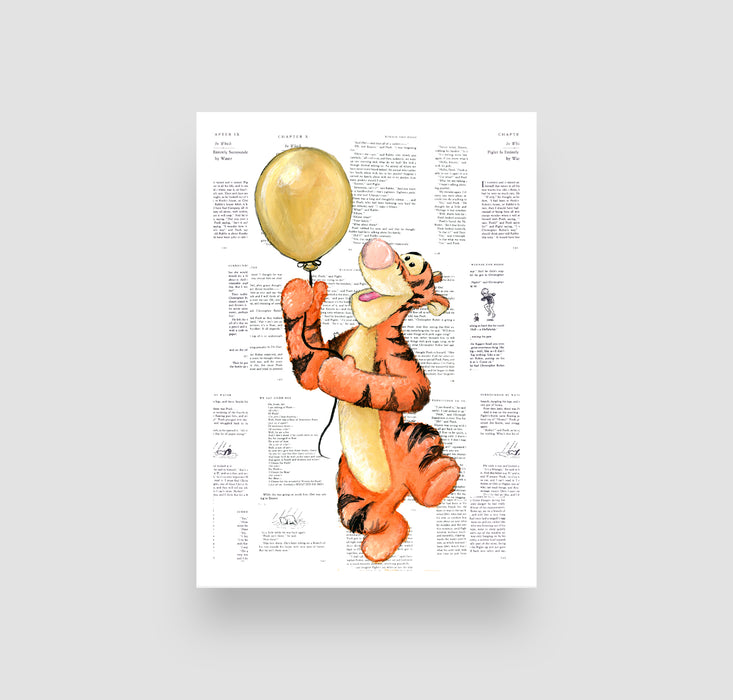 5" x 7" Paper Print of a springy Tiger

...

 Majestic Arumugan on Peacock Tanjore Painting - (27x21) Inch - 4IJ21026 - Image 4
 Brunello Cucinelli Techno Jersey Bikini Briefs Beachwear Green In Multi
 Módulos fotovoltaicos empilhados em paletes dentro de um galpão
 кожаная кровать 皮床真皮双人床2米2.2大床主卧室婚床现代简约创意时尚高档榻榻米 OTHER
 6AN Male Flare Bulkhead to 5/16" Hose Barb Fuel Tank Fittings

* [Your objective] Give again, word for word, every line of the listing above from the one with "Brunello Cucinelli Techno" to the one with "6AN Male Flare", both inclusive, and nothing beyond them.

* [Response for this exercise]
 Brunello Cucinelli Techno Jersey Bikini Briefs Beachwear Green In Multi
 Módulos fotovoltaicos empilhados em paletes dentro de um galpão
 кожаная кровать 皮床真皮双人床2米2.2大床主卧室婚床现代简约创意时尚高档榻榻米 OTHER
 6AN Male Flare Bulkhead to 5/16" Hose Barb Fuel Tank Fittings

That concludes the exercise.